Gold pulled around by Greek crisis and fluctuating financial markets

Gold is appealing to investors as a safe haven, as confidence in European markets freefalls due to the Greek crisis. Investors have also been exchanging their euros for gold; this pushed ounce of gold to new historical record against the euro, currently 879.00 euros per ounce.

New York trading yesterday saw gold climbed to a peak of $1189.00 before closing at $1182.30, gaining 0.25%. While in London, gold climbed from the $1175.25 morning Fix to the evening Fix of $1179.25. Oil advanced to $87.00 yesterday, being one of the main factors that ensued gold to rise, due to the positive relationship between them.

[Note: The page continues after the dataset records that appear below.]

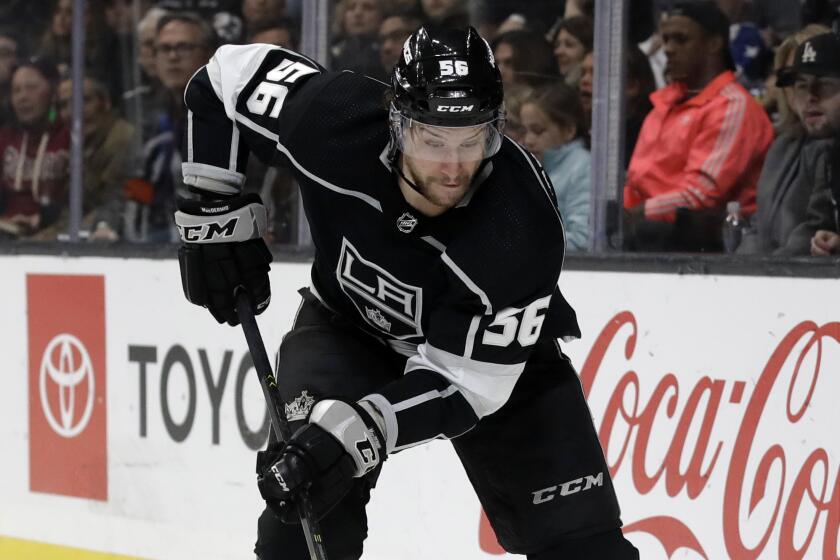 Los Angeles Kings' Kurtis MacDermid in action against the St. Louis Blues during the second period of an NHL hockey game Monday, Dec. 23, 2019, in Los Angeles. (AP Photo/Marcio Jose Sanchez)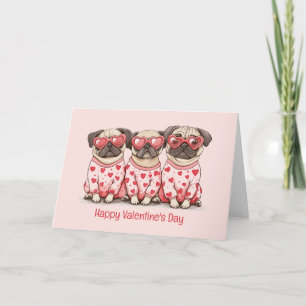Cartes Pour Fêtes Annuelles Joyeuse Saint-Valentin les chiens Carlin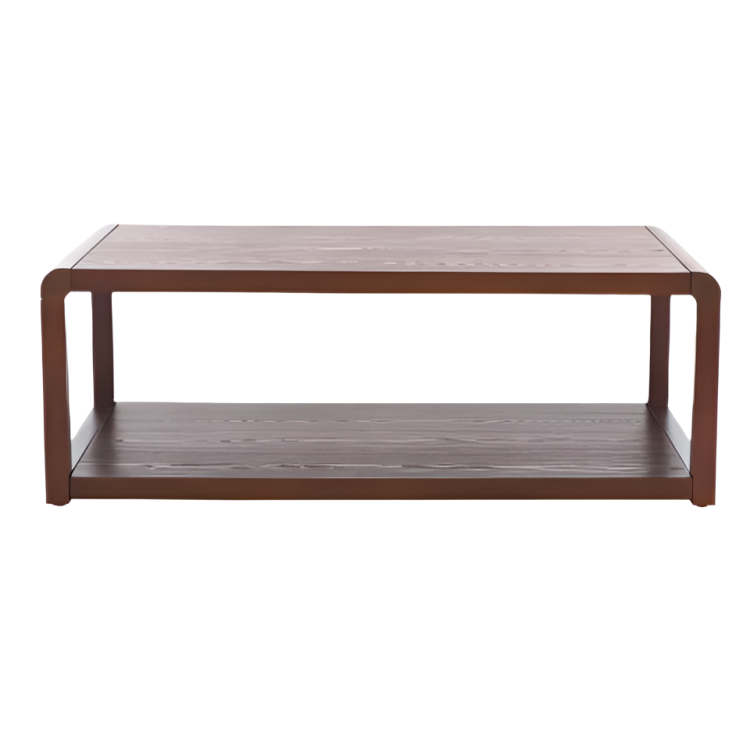 Omara Wood 2-Tier Coffee Table in Walnut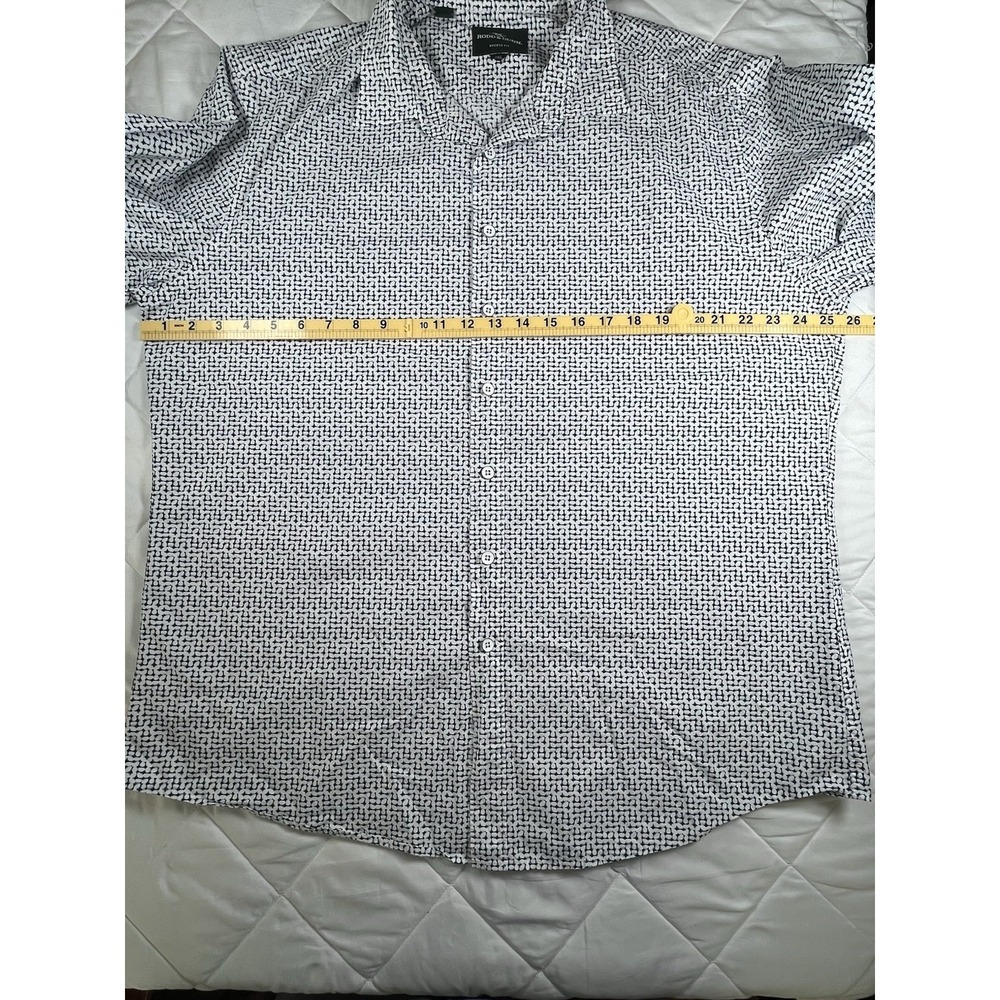 Rodd & Gunn Mens 2XL Sports Fit Cotton Button Down Shirt White Blue Print - Picture 4 of 10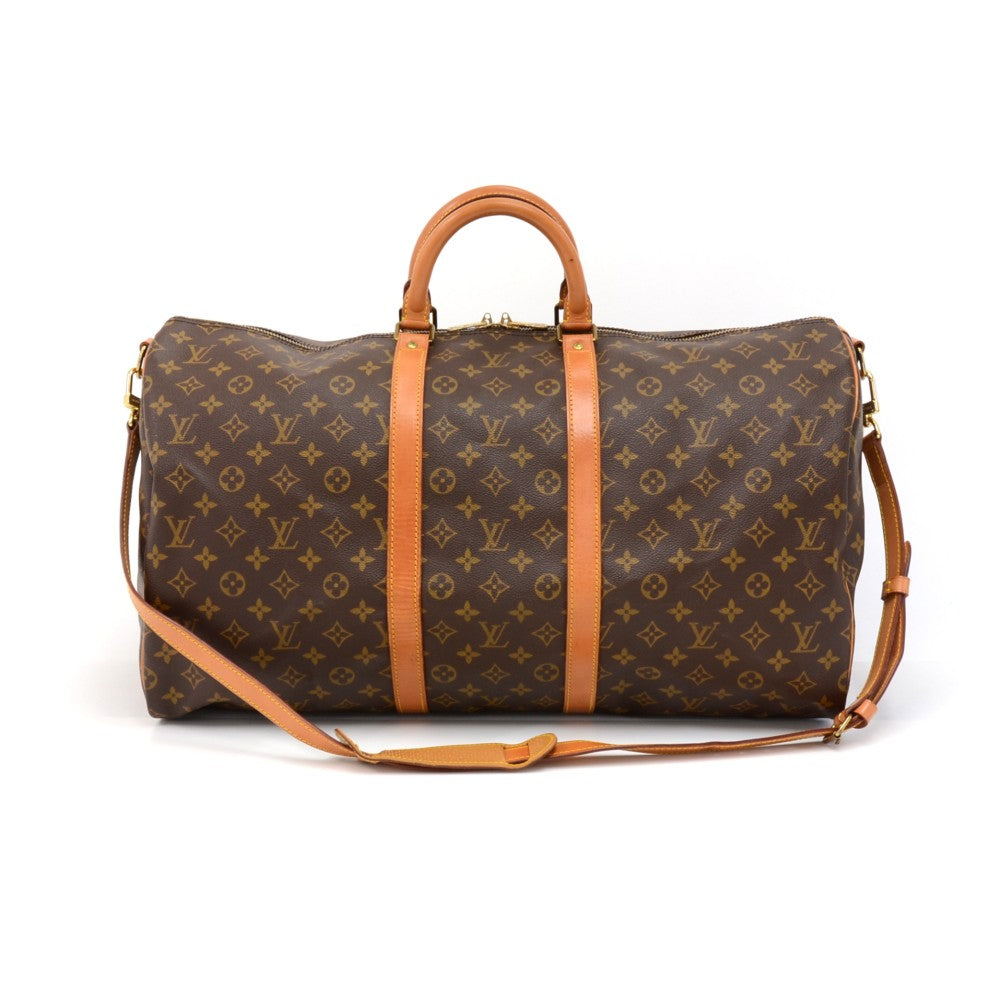 keepall 55 bandouliere monogram canvas travel bag with strap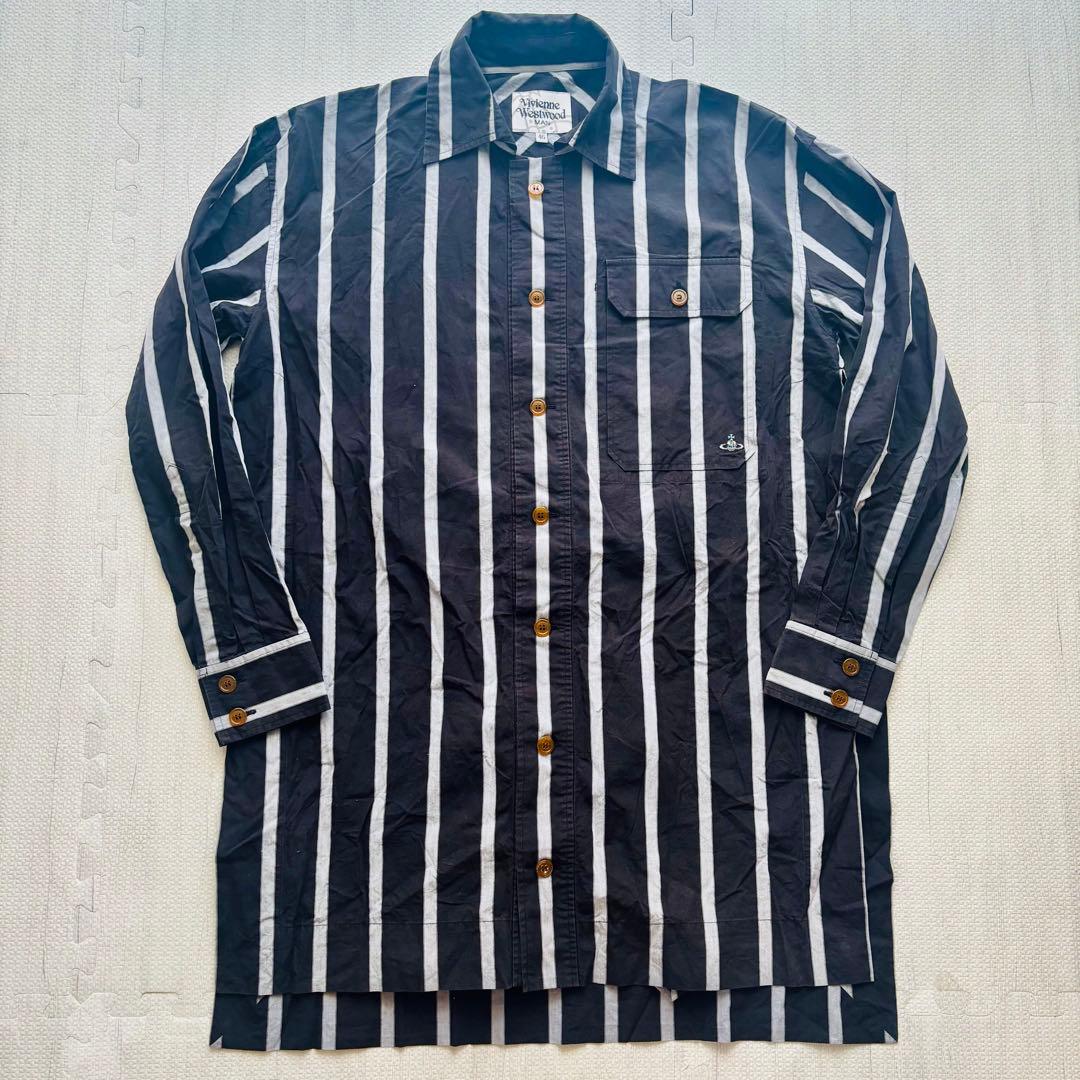 【希少】Vivienne Westwood ストライプ ロングシャツコート
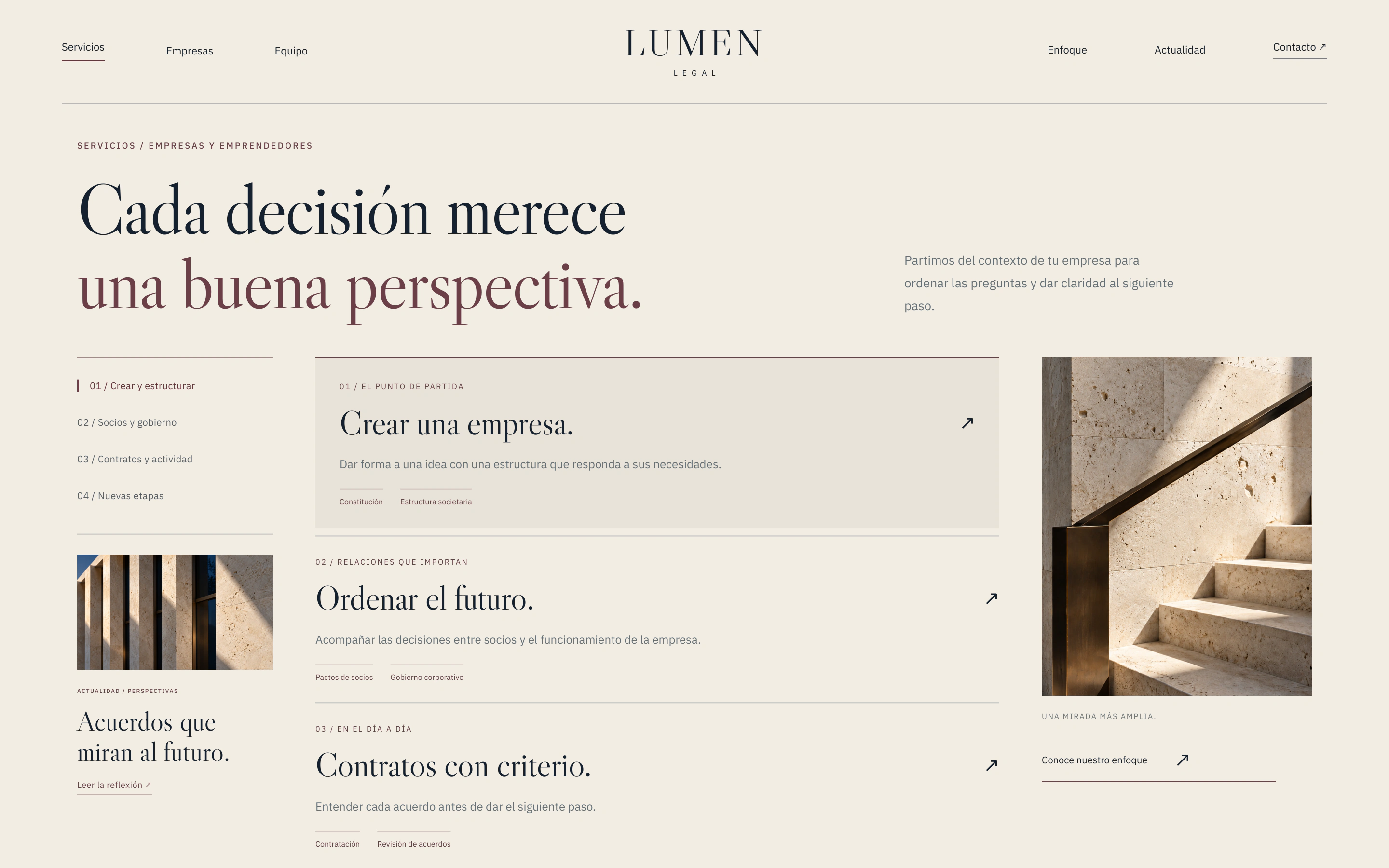 Lumen Legal — Concept project: 02 / Servicios y necesidades de una empresa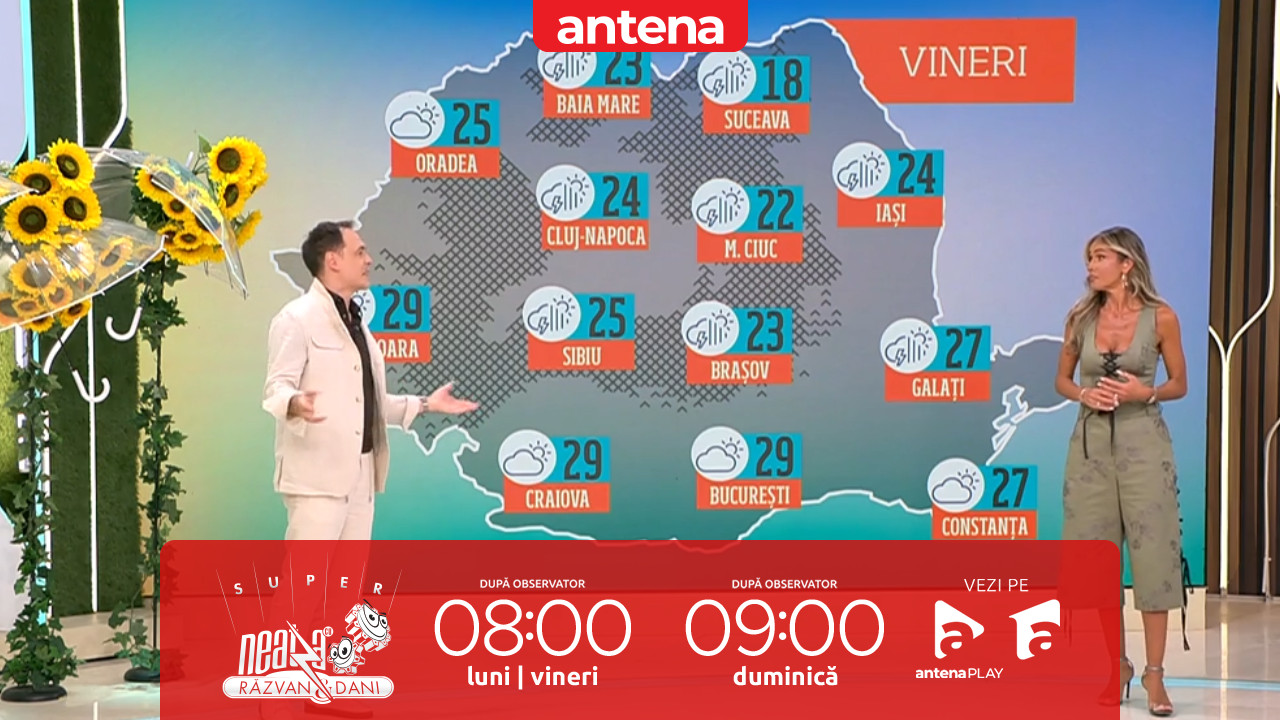 Super Neatza. Prognoza meteo cu Diana Munteanu: Ploi in nordul, centrul şi estul ţării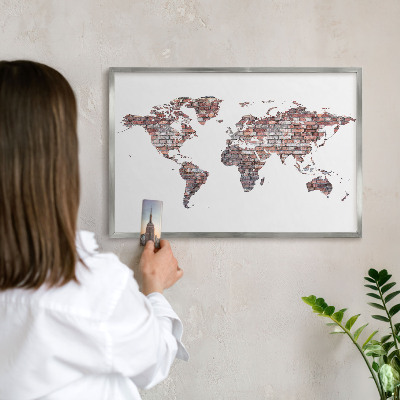 Tableau magnétique décoratif avec cadre argenté Le monde de briques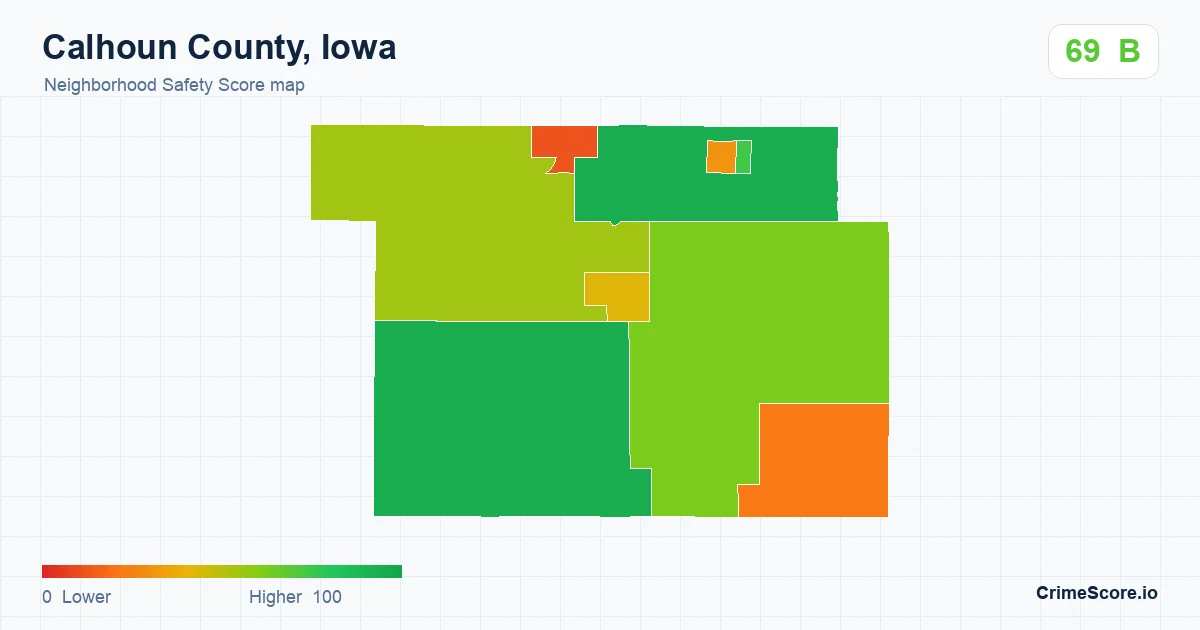 Calhoun County, Iowa neighborhood Safety Score map by Census block group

Silver in New York climbed to a peak of $18.89 yesterday before closing at $18.80, augmenting 0.86%. This upward movement can be explained as a tendency of investors to purchase silver as an accompanying alternative investment during times of falling stock indices and high fluctuation in markets, both of which are present currently, adding to that the effect of the Greek crisis. Gold lost some of its gains during theU.S. session due to risingU.S. stock indices, as the yellow metal lost its appeal, while silver was hauled by the alternative investment and maintained its high position.

Platinum, on the other hand, incurred losses amounted to 1.04%, as it closed at 1721.00 in New York after falling from the acquired $1749.00. Platinum's New York closing price was below that of London which equaled 1738.00. Platinum, being an industrial metal apart from an investment, was abandoned in favor of American stocks which gained yesterday with the ISM data better than expected, while gold and silver were able to retain the progress they had made. Platinum traders are anxious over China's tightened credit policy, making platinum susceptible to any opportunity arising in the stock markets.

S&P GSCI and RJ/CRB were able to close at gains of 3.09 and 0.39 points respectively, despite varying result in the commodities market. On the other hand, ROGERS INTL shed 9.74 points before closing. The expected increase in American oil reserves pushed oil down after it rose to 87.00.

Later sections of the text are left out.